Le mie ricerche su internet non hanno dato risposta all’interrogativo sul tifo dell’autore di O mia bela Madunina, non ho trovato nulla che riconducesse ai colori della bandiera da lui sventolati.
La famosa canzona del D’Anzi parla anche di fratellanza, ma diciamo la verità, tra interisti e milanisti, soprattutto il giorno del derby, non c’è traccia.

Ci chiamiamo, ci chiamano cugini, ma si sa, le peggiori lotte d’odio nascono in famiglia, e come (quasi) tutti sanno la storia di rivalità tra Inter e Milan nasce con la fondazione dei nerazzurri nel 1908 ad opera di un gruppo di soci dissidenti del club rossonero.
Parenti serpenti, più stretta è la parentela tra i litiganti, maggiore è l’accanimento reciproco.

Ho amici come me interisti che riversano il loro “odio calcistico” principalmente nei confronti dei bianconeri di Torino e da sempre mi chiedo il perché, è un po’ come se i supporters del Torino sentissero come primo nemico sportivo per esempio il Padova o l’Udinese.
La partita con la Juve è una partita più o meno come tante altre, quella con il Milan no. E’ come il Palio di Siena, chi vince è il padrone della città per sei mesi, tutto il resto non conta.

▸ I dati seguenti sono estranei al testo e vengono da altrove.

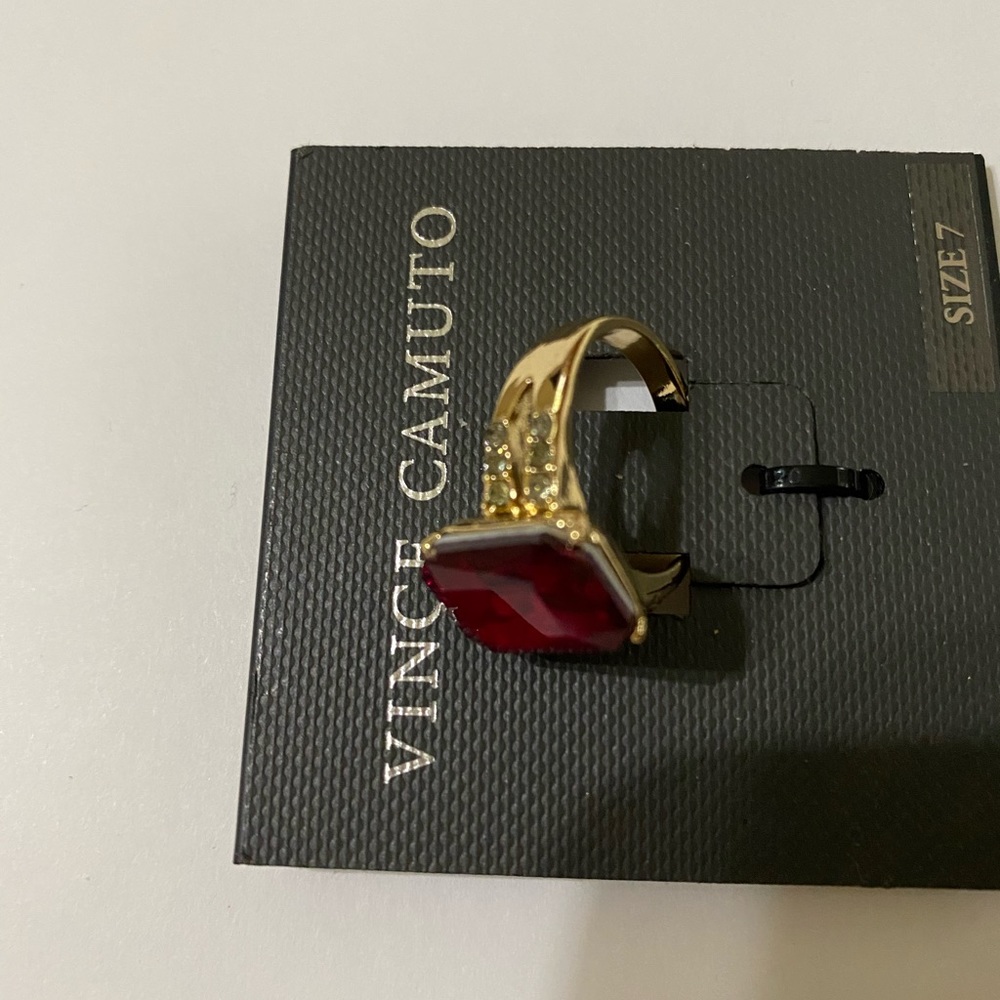 New Vince Camuto/7 - Picture 3 of 5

Nicola Berti, idolo dei tifosi della Beneamata della mia generazione, ha sempre raccontato che ai suoi tempi, alla fine degli anni ’80 inizio ’90, nelle settimane precedenti e in quelle appena successive al derby, se incontrava i giocatori del Milan nei locali milanesi, non li salutava.
Il derby è come quelle partite all’oratorio tra ragazzini di compagnie rivali, quelli più fighettoni contro quelli magari più sfigatelli: se non ci si prende a calci e a parolacce, non è partita vera.

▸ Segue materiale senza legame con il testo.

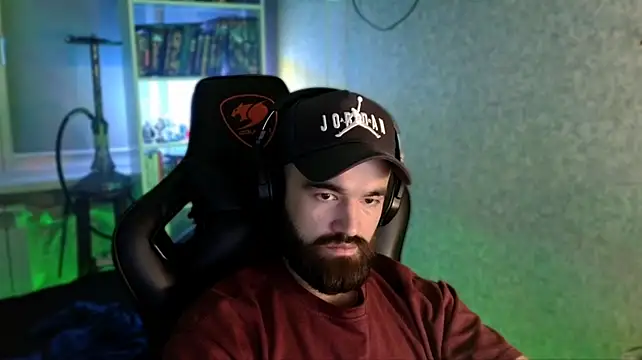 _Serious_Man Chat XXX in diretta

Oggi, il giorno del derby della Madunina, a parte gli incivili sulle balaustre del secondo blu e verde che sputano e lanciano giù di tutto, si va allo stadio mano nella mano con il tifoso avversario.
I giocatori la sera prima e quella dopo vanno a cena insieme, e se io mi imbestialisco perché un ragazzotto arriva nel bar interista con la maglia del Milan (con sfottò compreso scritto a caratteri cubitali sulla parte posteriore), tutti mi guardano come se fossi matto.
Viviamo nell’ipocrita epoca del politicamente corretto, del tutti uguali, tutti amici, tutti fratelli, e ci vogliono imporre che anche chi indossa il rossonero è uguale a me che indosso il nerazzurro.

No signori, i colori esistono e per fortuna che esistono, altrimenti sarebbe un mondo in bianco e nero, e permettetemi una battuta, vista la condotta dei bianconeri della Continassa, meglio un mondo a colori, e che ognuno scelga e difenda il suo, se vuole rifiutando, senza violenza, quello degli altri.

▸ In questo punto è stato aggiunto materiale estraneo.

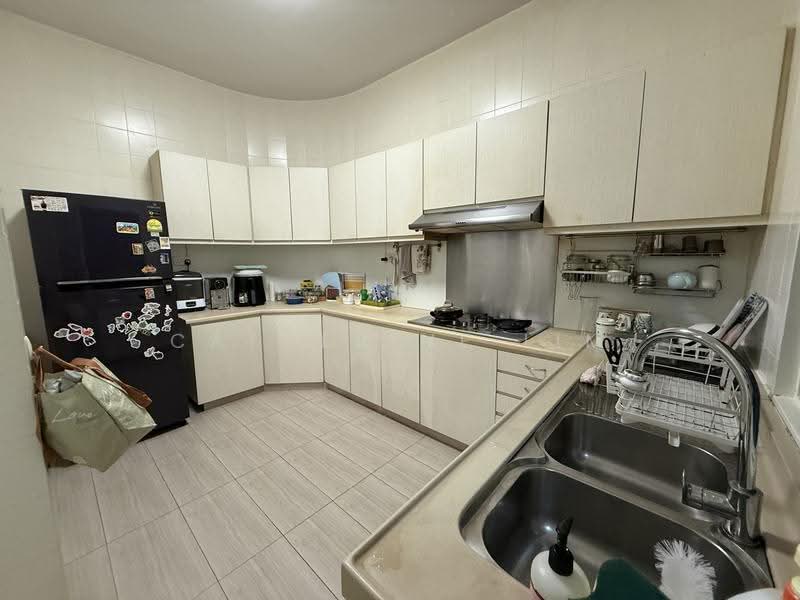 Mandarin Gardens, 3 Siglap Road, East Coast / Marine Parade, 3 Bedrooms, 1,786 sqft, Condominium For Rent, by Catherine Lim, 500280318 - Kitchen - PropertyGuru.com.sg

Viva i tempi in cui Nicola Berti tirava le pallonate contro i giocatori del Milan durante il riscaldamento nella palestra condivisa di San Siro.
Viva quel giorno di primavera di fine maggio 1993, quando con un amico che guidava lo scooter siamo scappati tra le bancarelle della festa di paese sventolando la bandiera dell’Olympique Marseille, rincorsi da milanisti infuriati.

Viva il calcio vero, il tifo vero,
viva il derby della Madunina tuta d’ora e piscinina.